小生、事件に巻き込まれる。

帰国した。日本に帰国し、ドイツに帰国した。もちろん自分の国という意味では日本だが、今や仕事の中心はドイツにあるわけで、こちらも帰国と言えば帰国である。蒸し暑く肌にべっとりとまとわりつかれるような日本の気候にも懐かしさを感じたし、さらっと18度で快適なドイツの気候もそれなりに懐かしさを感じるようになってきた。1ヶ月とはそういう時間である。

さて、ドイツ生活2ndピリオドの始まりである。いろいろとあって日本に帰ることにしたのだが、精神的に疲れていたことも確かにあった。1週間たらずだが、日本に戻った事はとてもいい回復になった。初めのワクワク感が戻ってきたのを感じるし、精神的な余裕はストレスを楽しさに変えてくれる。まぁ、疲れたら無理せず帰ろうというのが僕の結論である。日本人の悪いところは、「無理したやつ、すごい」的な思考になりがちなところだと思うのだが、僕は何より僕自身が生きることを楽しんでいて、僕自身も僕の周りにいる大切なヒトも幸せにできるような生き方が理想だと思っているので、無理するのは全くの間違いである。休むときは休むし、仕事へのワクワクが戻ってきてから最高のパフォーマンスで仕事をする。最も重要なのは、想像の範疇を超える発想がいかに思いつくか、仕事の効率がどれだけ高いかであって、別に仕事時間がどれだけ長いかやどれだけ無理しているかが重要なわけではない。その点、ヨーロッパはそういう意識への理解が高いところも面白い。例えば、僕が日本に1週間帰りたいと思っていて、初め「前のラボで、やりたいことがあるから」と堅く言っていたら僕のボスは少し嫌な顔をしていたが、そのあとで「ぶっちゃけ、家族とか友達とかに会いたいんだー」と言ったら満面の笑顔で、「そういうことかー!なら、すぐ帰っちゃえよ!」と。プライベートの大切さやオフの重要性をしっかりと理解してくれる。逆に、彼らもまたプライベートを大切にするので、そこまで仕事をしないわけだから、こちらの意識も変える必要があるのだが…。(ちなみにうちのテクニシャンは現在、「引っ越しするから」という理由で3週間のオフ中。)
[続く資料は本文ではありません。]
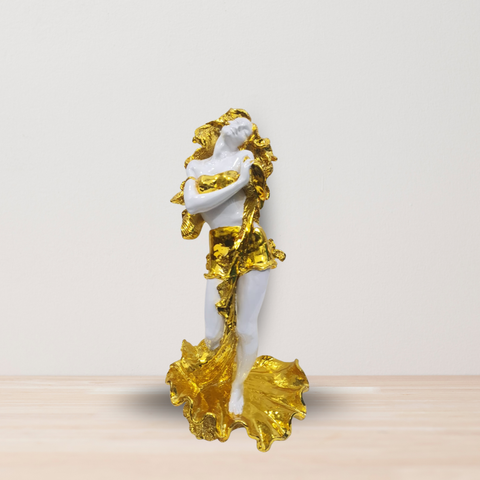 Golden Leaf lady showpiece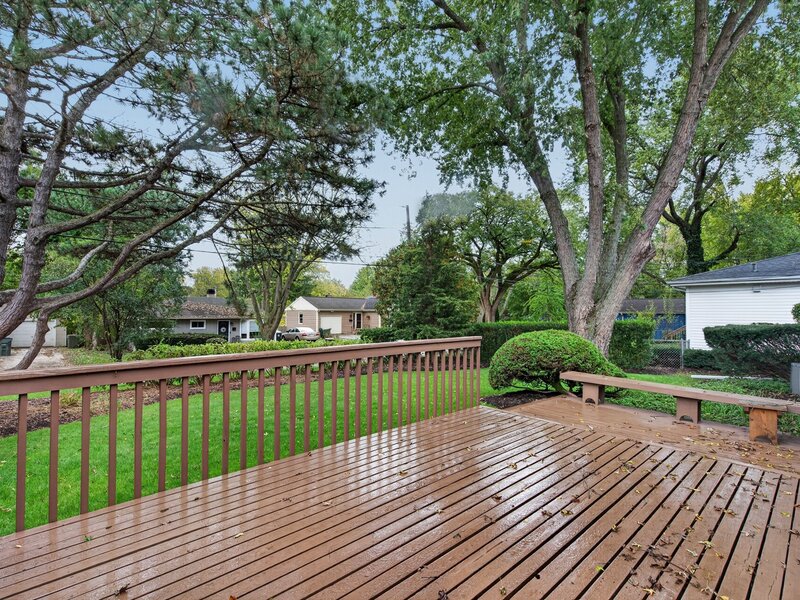 145 Walton Street Barrington IL 60010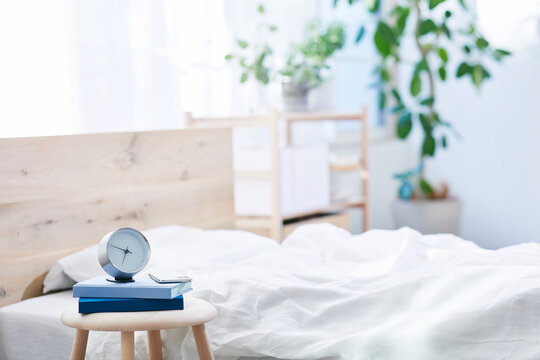 日差しが入るベッドルーム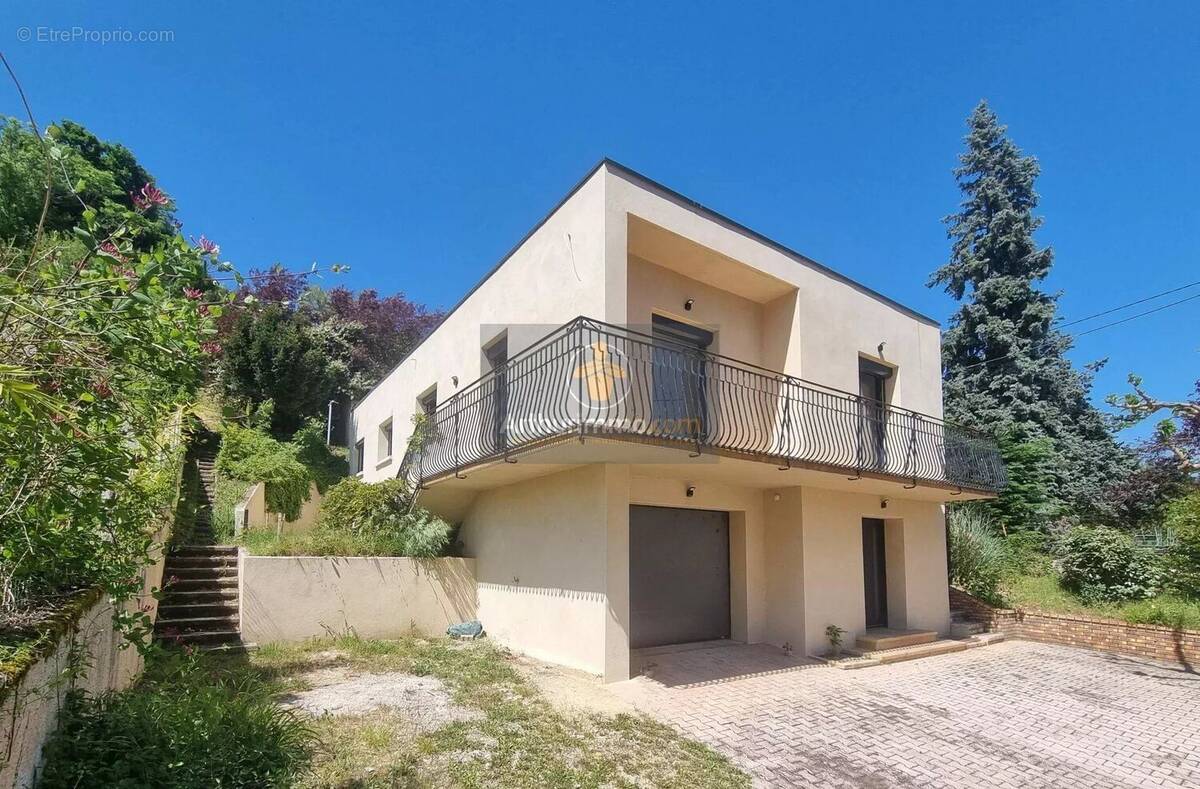 Maison à BEAUREPAIRE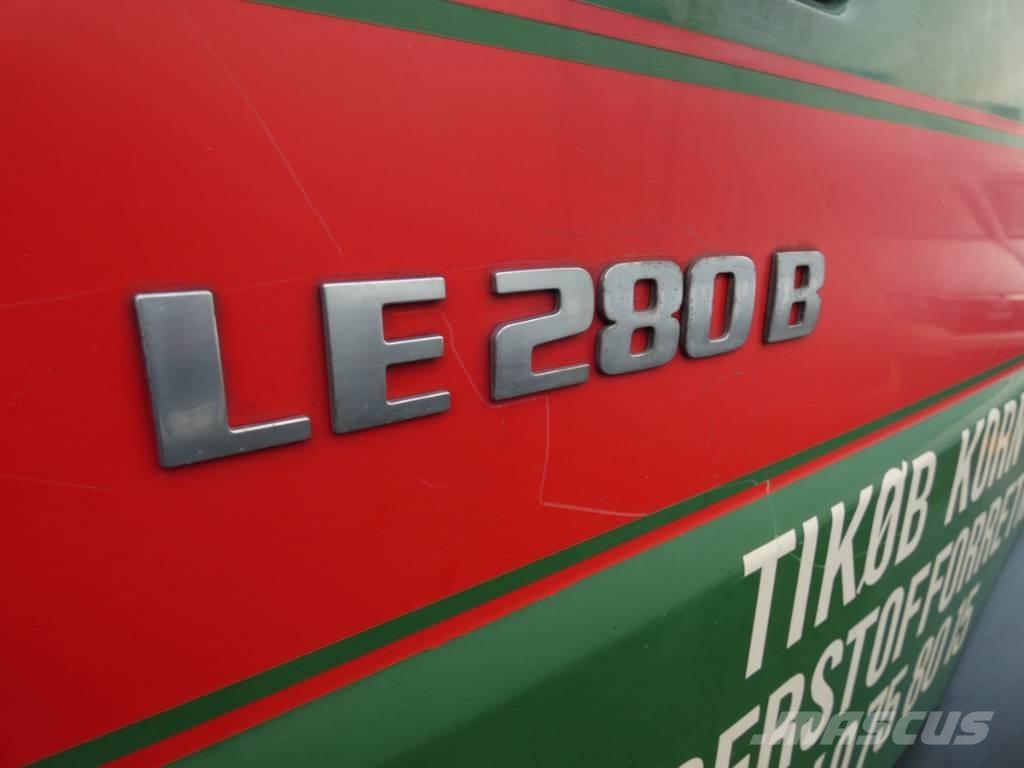 MAN LE 280 B 탑차 트럭
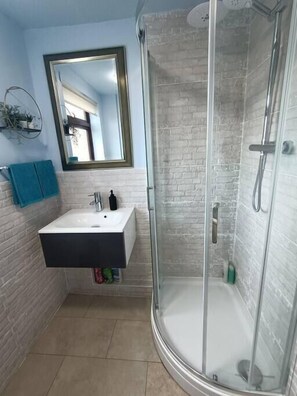 Shower, hair dryer - Grace's Place in Soham (Soham)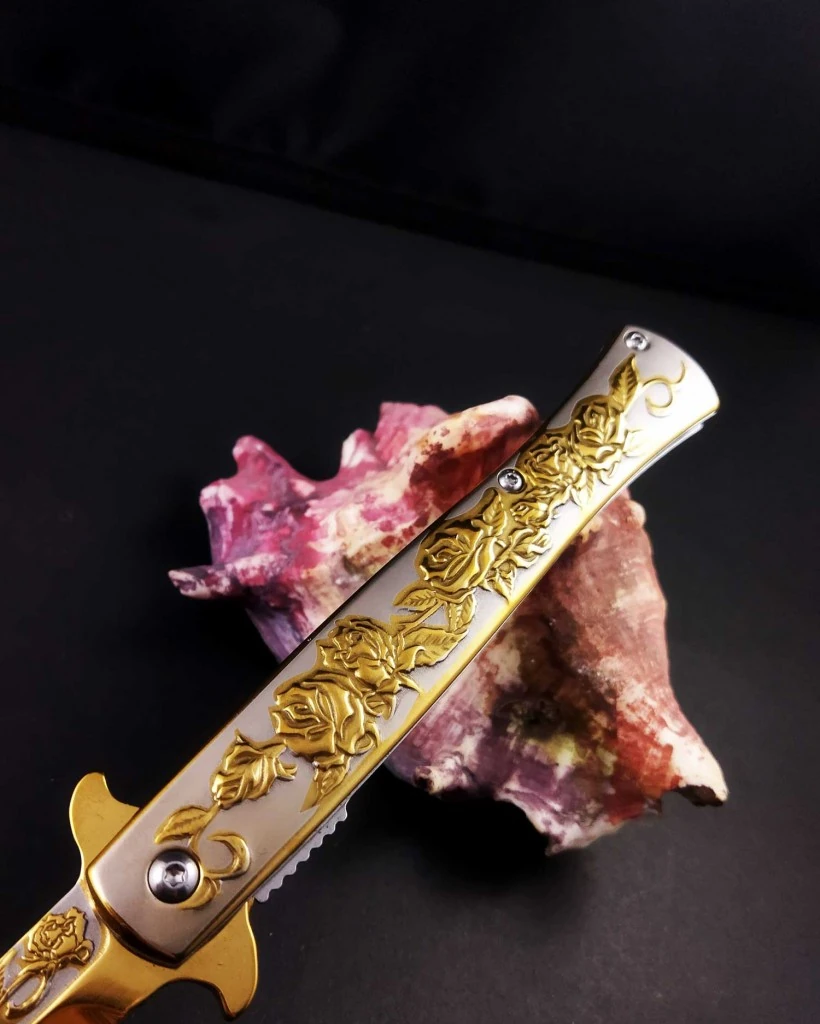 Gül Desenli Çakı Yarı Otomatik 21 Cm Gold Renk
実は日本に帰るのにも意外なポイントがある。航空券がそこまで高くないのである。成田→フランクフルト→成田だと正規に買うと25〜40万程度で、格安チケットでだいたい12〜15万くらいに落ちる。興味深いことに、これがフランクフルト→成田→フランクフルトだと、更に7〜10万程度まで落ちるのである。日本発の航空券は高い。なので、何回も往復する場合は、初めの航空券の帰り分は捨ててしまって、ヨーロッパ発で往復分を買い続けるのが圧倒的に安くなるのである。

さて、今日の午前はメダカとゼブラのブリーチングをした。ブリーチとは漂白剤のハイターを使って、卵の表面に付着しているもろもろの生物を殺す作業である。ヨーロッパ最大のストックセンターとして機能しているKITでは、持ち込む魚が病原菌やらを持ち込んでいると大変なことになるので(他のラボに病原菌を配ってしまうことになるので)、センターの中に魚を入れるには何段階ものステップを経る必要がある。まず、EU外から送られてくる魚については、政府や研究所が事前に発行したPermission Letterの無い生体サンプルは全て廃棄される。持ち込まれた卵についても、ブリーチをした上でFIsh houseの中のRoom1という部屋にしか持ち込む事はできず、その魚達が成体になった上で、それらから採卵した卵をFish house専門のテクニシャンが再度ブリーチして、やっとFish houseの他の部屋に持ち込むことができる。KITにはFish houseが3つあるが、安全のために全て独立に動いており、その間の移動ですらもこのステップを取る必要がある。ストックセンターの魅力として充実した飼育設備やラインが整っている一方で、このような面倒くささも付きまとっている。

さらにこの面倒くささに加えて、Fish houseには言語の問題がある。Fish houseのスタッフは全く英語が分からないのである。ドイツの中でもカールスルーエは田舎町であることも原因の一つであるが、街中だけではなく、研究所の食堂やFish houseの飼育員もドイツ語のみ。今日は通訳をラボの学部生のクリスティーナに頼んだのだが、これでもなかなか大変。さすがにちょっとドイツ語を学ぶ必要を感じた。飼育員の方々の言葉というのは、僕の経験的にはものすごく重要な意味を持っていて、そのことに気付いている研究者は意外と少ない。僕が行動学という学問をやっていることも理由の一つなのであろうが、全ての研究の種は「観察」にこそあって、僕らよりも動物に触れる時間が長い彼らの意見は極めて本質的な問題解決の種であることがありうると感じている。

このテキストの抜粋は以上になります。